▶ **Task to complete**
Every line from the one with "New green metal" to the end of the listing below must be printed exactly, with no other text and no pictures.
(Data excerpts begins)
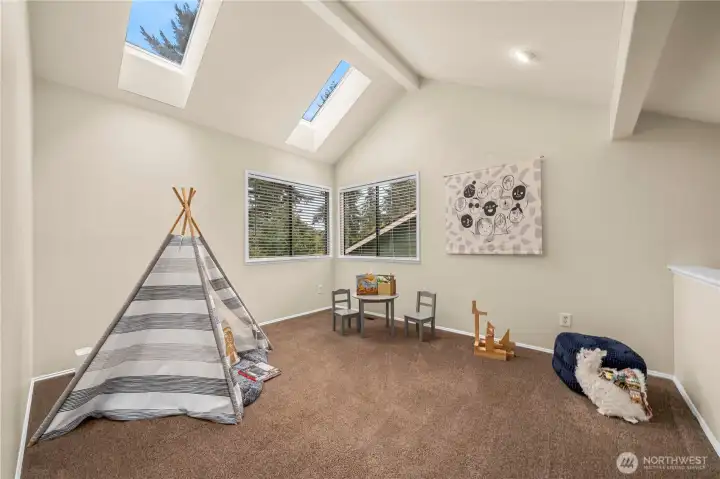 The loft continues the high vaulted ceilings with a flood of light from the upper windows.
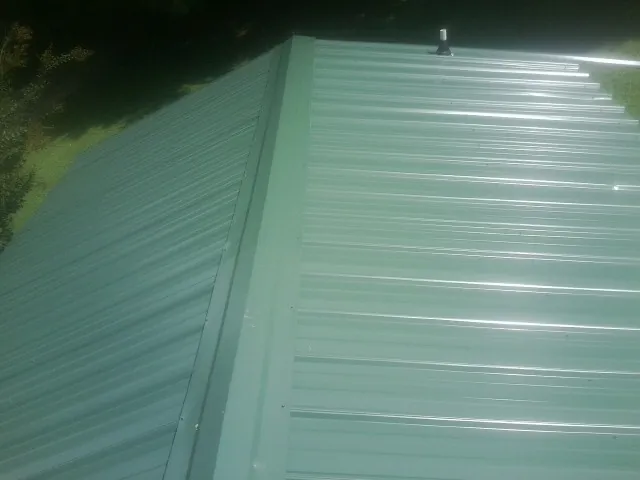 New green metal panels meeting at the ridge of a roof — Flat Roof Repair work by our crew in Almont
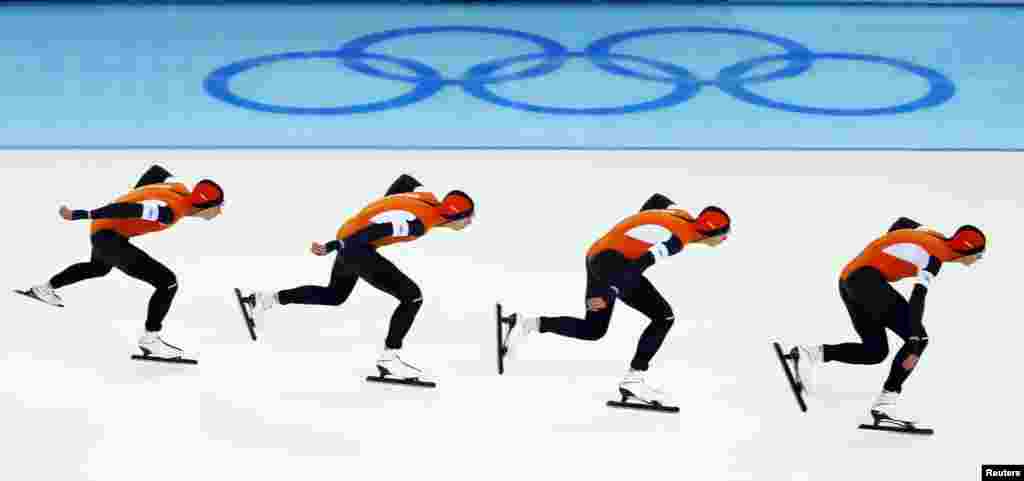 A multiesposure image captures the Netherlands' Jan Blokhuijsen in action during the men's 5,000 meters speed skating race. 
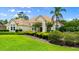 Elegant home featuring a tile roof, columned entryway, and well-maintained landscaping with flowering trees at 1324 Dovercourt Ln, Ormond Beach, FL 32174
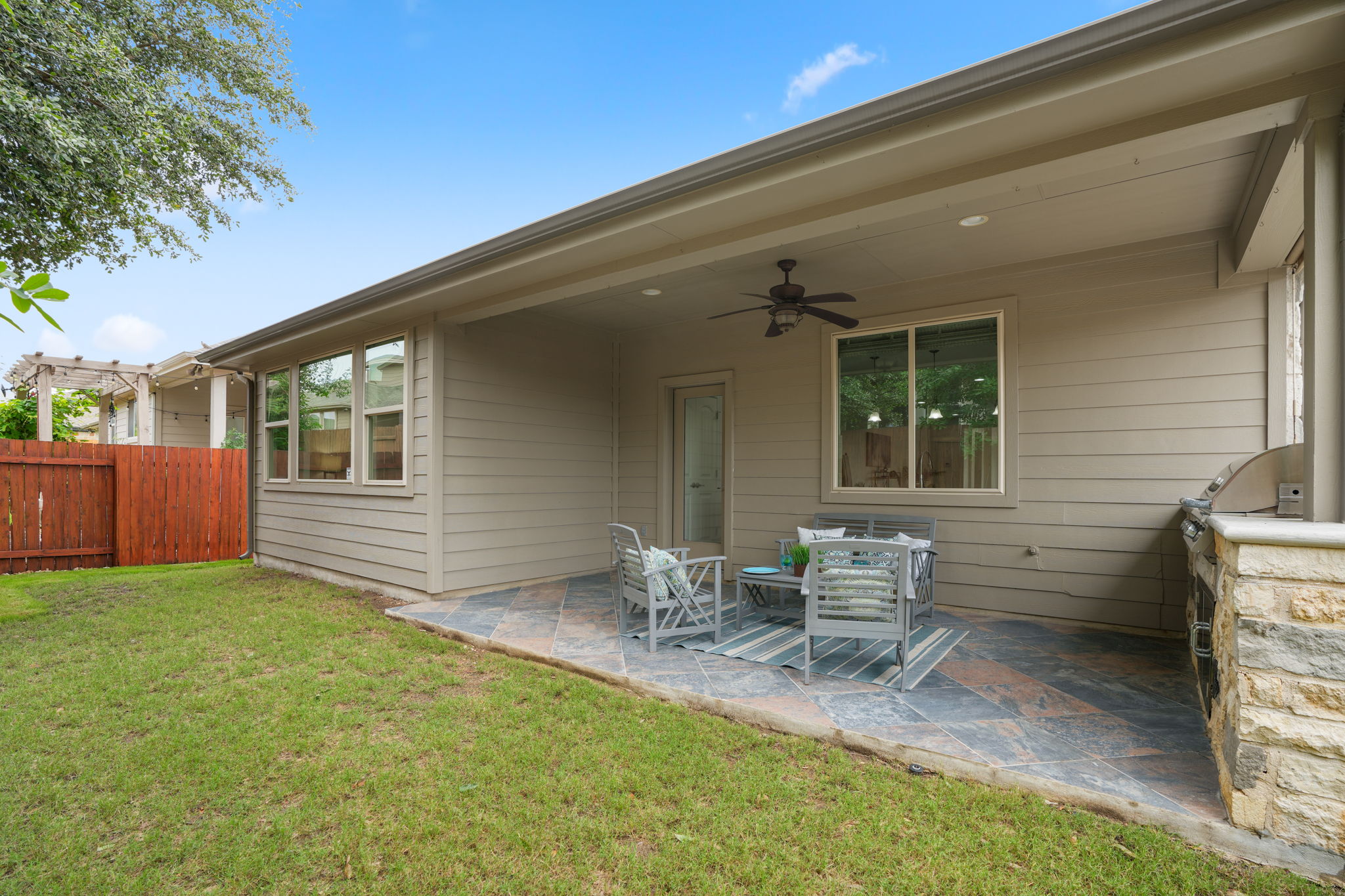 440 Cherokee Rose Circle Georgetown, TX 78626 - Photo 31 of 39 An inviting covered patio featuring a built-in outdoor grill offers seamless indoor-outdoor living.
(Data excerpts ends)
▶ **Answer to this exercise**
 New green metal panels meeting at the ridge of a roof — Flat Roof Repair work by our crew in Almont
 A multiesposure image captures the Netherlands' Jan Blokhuijsen in action during the men's 5,000 meters speed skating race. 
 Elegant home featuring a tile roof, columned entryway, and well-maintained landscaping with flowering trees at 1324 Dovercourt Ln, Ormond Beach, FL 32174
 440 Cherokee Rose Circle Georgetown, TX 78626 - Photo 31 of 39 An inviting covered patio featuring a built-in outdoor grill offers seamless indoor-outdoor living.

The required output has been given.